### Exercise goal:
Retype only the stretch of lines that starts with the line containing "23540 Kivik St Property Photo 14" and ends with the last line of the records, both included, exactly.

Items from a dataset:
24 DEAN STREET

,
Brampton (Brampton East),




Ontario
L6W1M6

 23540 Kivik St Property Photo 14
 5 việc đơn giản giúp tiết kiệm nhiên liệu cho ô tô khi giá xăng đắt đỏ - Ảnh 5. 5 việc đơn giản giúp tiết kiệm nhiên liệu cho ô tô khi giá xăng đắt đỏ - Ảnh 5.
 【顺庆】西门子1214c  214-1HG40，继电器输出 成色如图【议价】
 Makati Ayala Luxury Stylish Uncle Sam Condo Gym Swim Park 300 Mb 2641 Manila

### The completed task:
 23540 Kivik St Property Photo 14
 5 việc đơn giản giúp tiết kiệm nhiên liệu cho ô tô khi giá xăng đắt đỏ - Ảnh 5. 5 việc đơn giản giúp tiết kiệm nhiên liệu cho ô tô khi giá xăng đắt đỏ - Ảnh 5.
 【顺庆】西门子1214c  214-1HG40，继电器输出 成色如图【议价】
 Makati Ayala Luxury Stylish Uncle Sam Condo Gym Swim Park 300 Mb 2641 Manila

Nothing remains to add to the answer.